The changes have little to do with News Ltd's softening the hostility of its rolling anti-Labor campaign, or its unease and anxiety about the current Finkelstein media inquiry.
You can see the anxiety surfacing in Nicolas Rothwell's The media inquiry masks government's hidden agenda. Rothwell's language is emotionally charged and extreme, given Margaret Simon's interpretation of the first few days of the media inquiry.
Rothwell's language includes: 'the federal government's "independent" media inquiry; a kangaroo court; pre-ordain the result; state power must, in tactful fashion, conceal its grip; the new mood of moral correctness abroad in our age; an inquisition.' Rothwell says:
For an Australian government to countenance regulation of the media or intervention in its markets is to assault the fabric of the nation: doubly. It is plain that Western secular democracies have developed in tandem with a free press, and the removal of press freedom tends to result in the swift erosion of personal freedoms...Swirling about the margins of the present inquiry one can make out a set of half-veiled reform projects - for subsidising portions of the independent media, for limiting ownership, even for licensing media outlets, and all these schemes are justified on the grounds that they would improve the probity and health of the resultant information flow.
The paranoia about the state trampling all over press freedom obscures the excellent points that Rothwell makes about the transformation of the mediascape, namely that the modern media culture, sceptical, bullying and inquisitorial, is in great part a culture developed in response to the conduct of the state, and intertwined with it.
Much about today's media, especially the political coverage, is the result of a generation-long transformation in the nature of government and its propaganda. Roughly from the time of the Vietnam War and Watergate, all Western governments and their associated bureaucracies have armed themselves with the weapons of advertising and the techniques of persuasion, in a bid to cope with the inquisitorial pressures of the media realm.
This is one of the defining shifts in public life over the past four decades.
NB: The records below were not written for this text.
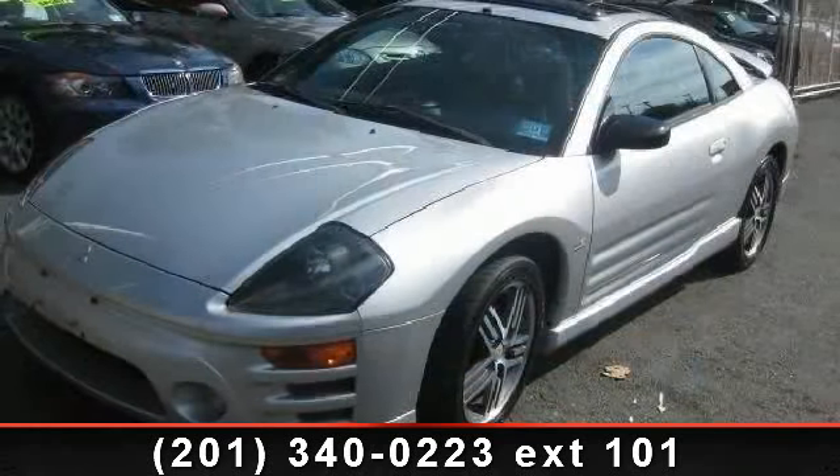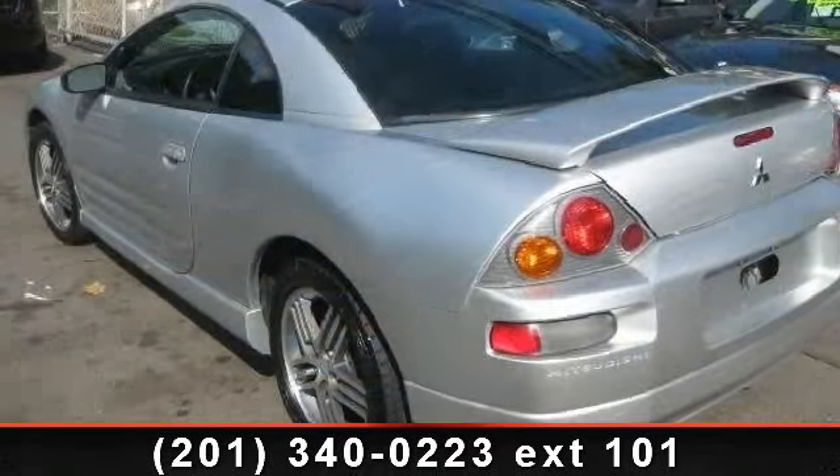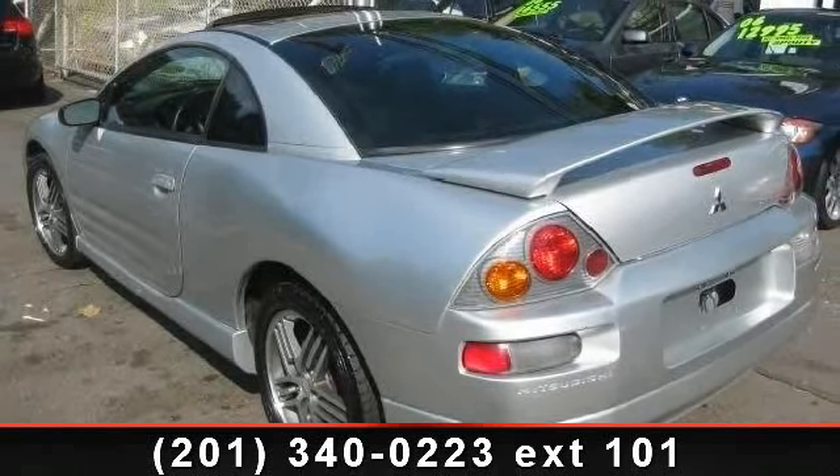If you are looking for a solid pre-owned car, this might be the one. Let us put you in the driver's seat today. Call or click to schedule a test drive.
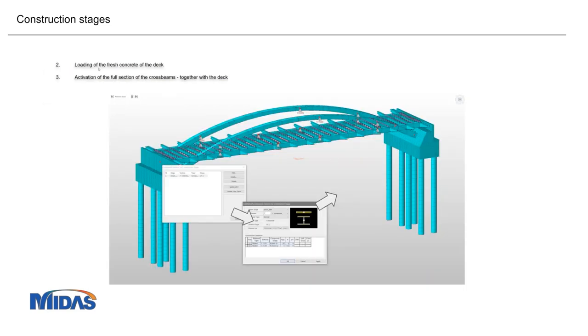The second stage of construction had the structure still on the temporary supports, with loading from the fresh concrete of the deck. The concrete is only connected to the cross beams and not to the main beams themselves. For this type of bridge, the main force acting on the deck is axial tension, and we don't want the slab to be in tension because it does not behave well in tension.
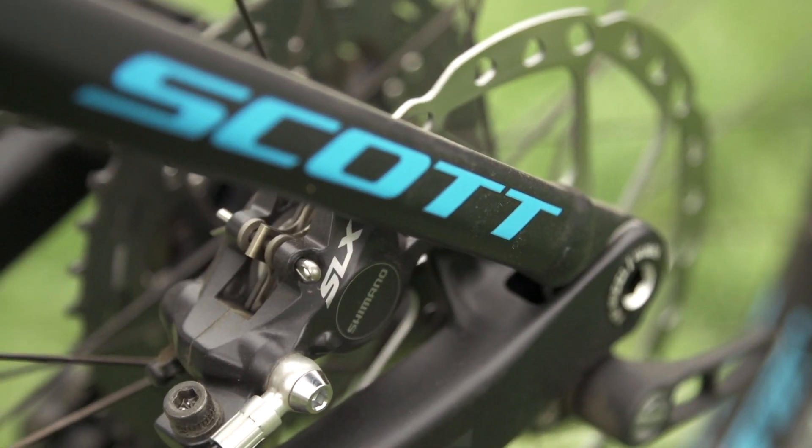Some other bits to note though: the 180mm rotors were nice. You don't always see that on women's bikes, so that was really nice to see — it felt really good. And the bar was a 720 with a pretty short stem, which felt really perfect.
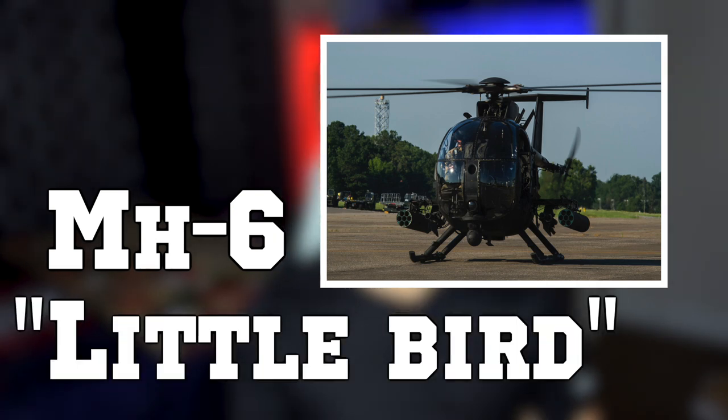The MH-6, also known as the Little Bird, was originally designed as a scout or reconnaissance helicopter, and the story of how that specific helicopter got picked is crazy.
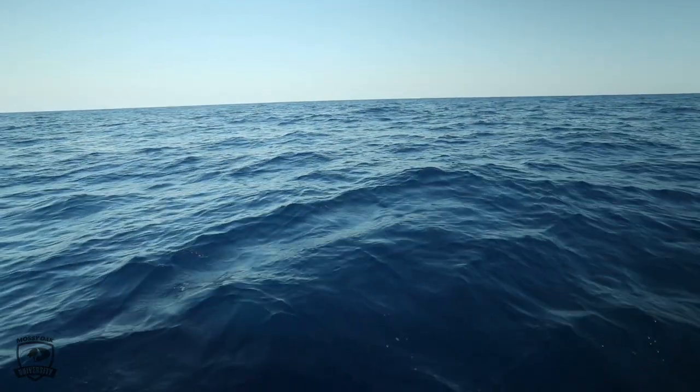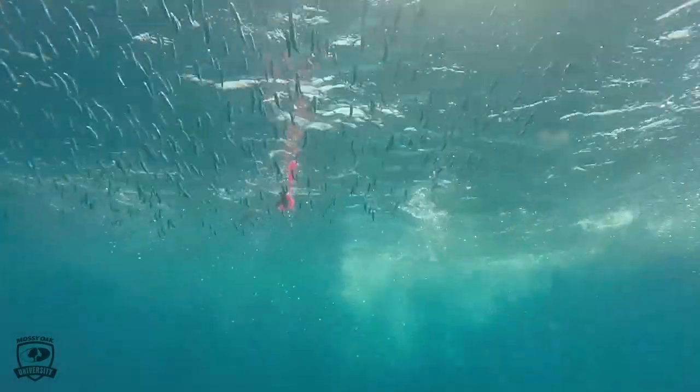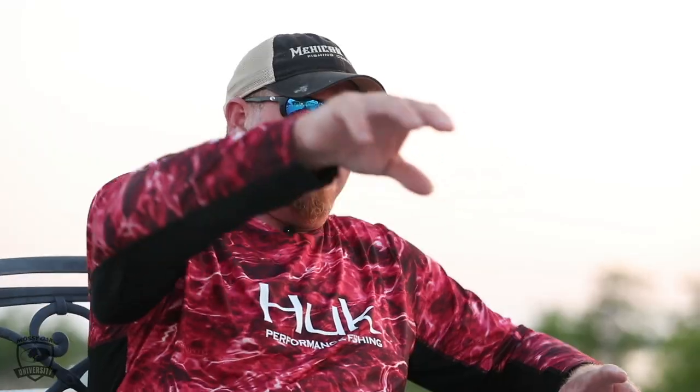When targeting tuna, there are literally 30 different variables. We catch tuna in dirty water, we catch it in clean water. There are services you can use online, like Hilton's, that will tell you altimetry — altimetry is where your bait's going to be. You're looking for currents, and not just that day. If you've had favorable altimetry in one area for the last two weeks, well, there's a pile of bait there.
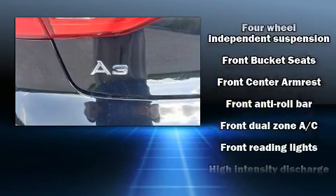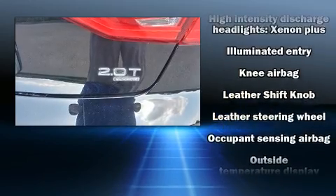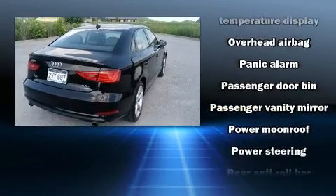Audi prioritized practicality, efficiency, and style by including leather upholstery, delay-off headlights, speed-sensitive wipers, power moonroof, and remote keyless entry.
The media no longer merely reports, and the government no longer informs. The media, rather, probes, and the government quietly throws them off the scent and seeks to entrench its own preferred lines.... For all today's governmental communication is in essence publicly funded propaganda, a panoply of sweetly scented, prepackaged spin, designed to sway the media, and wholly parasitic on the media's existence.
Rothwell says that today it is often hard to make out the policy for the chaff and rhetoric: the prevailing landscape is one of artifice and secrecy. He points every finger at the state for restricting the free flow of official information. The media are merely reacting to the state's communication regime of artifice and secrecy.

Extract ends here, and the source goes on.